Değerinin üzerinde etikete sahip olanlar ve hak ettiği değeri alamamış olanlar,
(insanlar, şirketler, ekipler, devletler…)

Maddi, manevi, insani, ilişkisel tüm KRİZLER sizin için…
Kaos adalete hizmet eder.

İnsanın olacaksa bir derdi o da değer katmak olmalı.

06 Ağustos 2009

Teselli


İnsan kudretli olmak ister ve bazen olduğunu da sanır ama yanılır. Kudret O’nundur. Diz çöküp boyun eğmesini ve O’na sığınmasını bilmek lazım. Veren de O'dur alan da O’dur. Gücün, aklın yetemediği yerde yeniden ve tüm kalbinle "şehadet" etmek lazım. O’nun aldıklarından “incinmemek” verdiklerinden “böbürlenmemek” lazım.

Sonsuz bir teselli var. Ve bu dünyada var. Çünkü O tüm alemlerde var. Çünkü O her zerrede var. Çünkü O zaten sende var.

O’na gitmek için yöntem lazım değil. Hep birilerinin öğrettiği yollardan yürümek lazım değil. O hakikattir. Yalanı terk ettiğin her an sen O’na vardın. Tek bir imtihan var; yalanı, sahteyi, gölgeyi, maskeyi, nefsini, kendini O’nda yok etmek. O’nun sesi, sözü, nefesi, dokunuşu olabilmek. Bütün acılarıyla, sahte mutluluklarıyla, akıl oyunlarıyla, hikayeleriyle - nefsini baş başa bırakıp O’na yönelebilmek. Ve tüm yaşadıklarımız ve tüm kendimize yaşattıklarımız hep bunu bilebilmek ve bildiğini hazmedebilmek için.

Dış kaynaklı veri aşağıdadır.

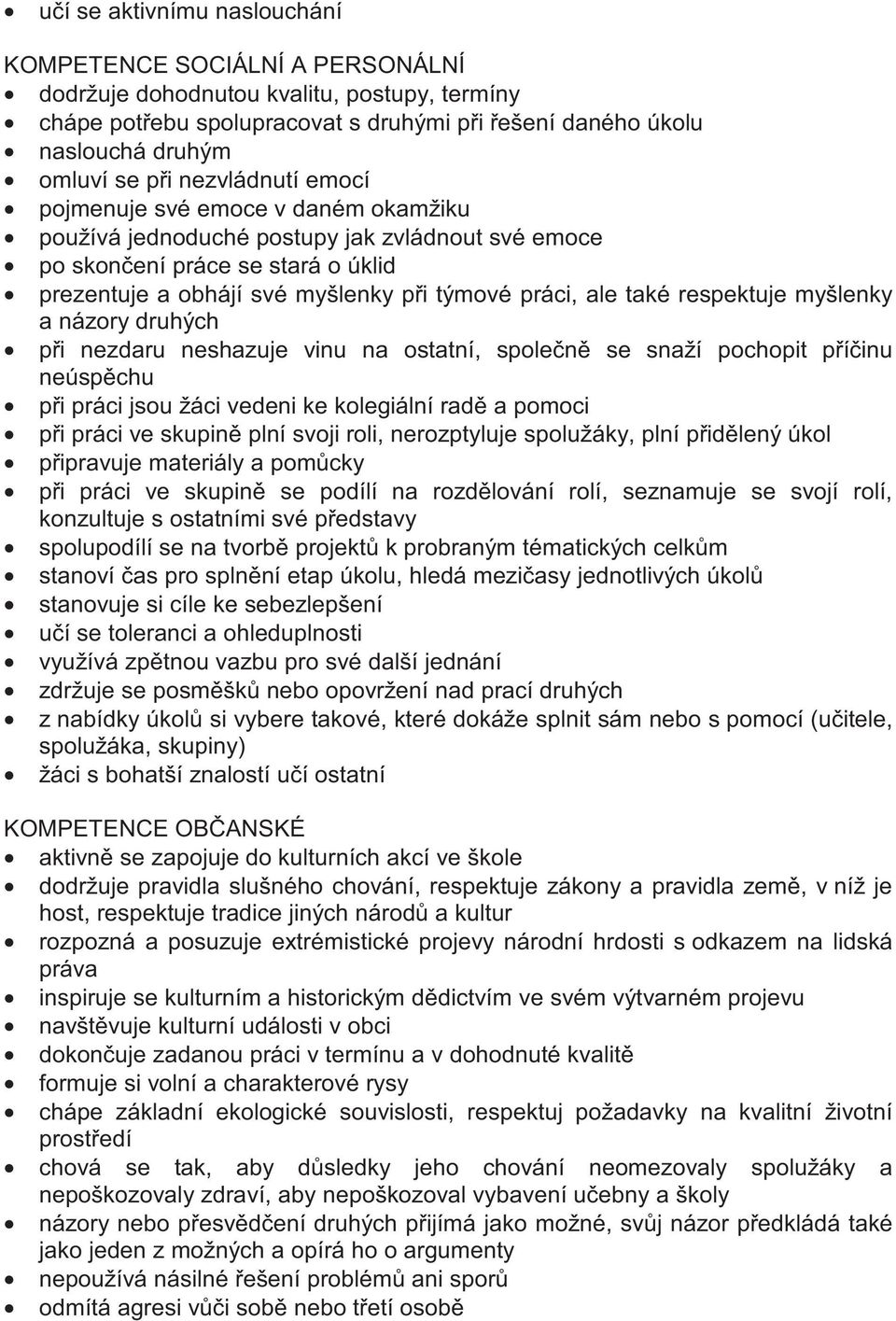 také respektuje myšlenky a názory druhých p i nezdaru neshazuje vinu na ostatní, spole n se snaží pochopit p í inu neúsp chu p i práci jsou žáci vedeni ke kolegiální rad a pomoci p i práci ve skupin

Biliyorum bunları sen de biliyorsun. Ve biliyorum bir yanın hak verse de yine de bir şeyler var ve kabullenmek zor geliyor. İzin ver canım benim, her şeyin bir zamanı var. İnsanız ve kırılganlıklarımız var. İnsanız ve baştan çıkaran isteklerimiz, zayıflıklarımız var; ümitsizlik anlarımız var. Ve tüm bunlara rağmen biz O’nun sevgilisi ve kıymetlisiyiz.

Çok sevildiğini ve gözetildiğini bil. Asla ümitsiz olma! Lakin zirvelere erişmek zordur. Ve bir günde de zirvelere çıkamazsın. Çıkmamalısın da. Çünkü bunu kaldıramazsın. Yolun her neresinde olursan ol – “hep bulunduğun yerin, anın, hadisenin hakkını vermelisin.“ Ver o zaman.

04 Ağustos 2009

Alışveriş

Almak ya da vermek için yaşama.

Yaşa ve ver ve yaşa ve al.
Nefes yaşam katar ama nefes için yaşanmaz.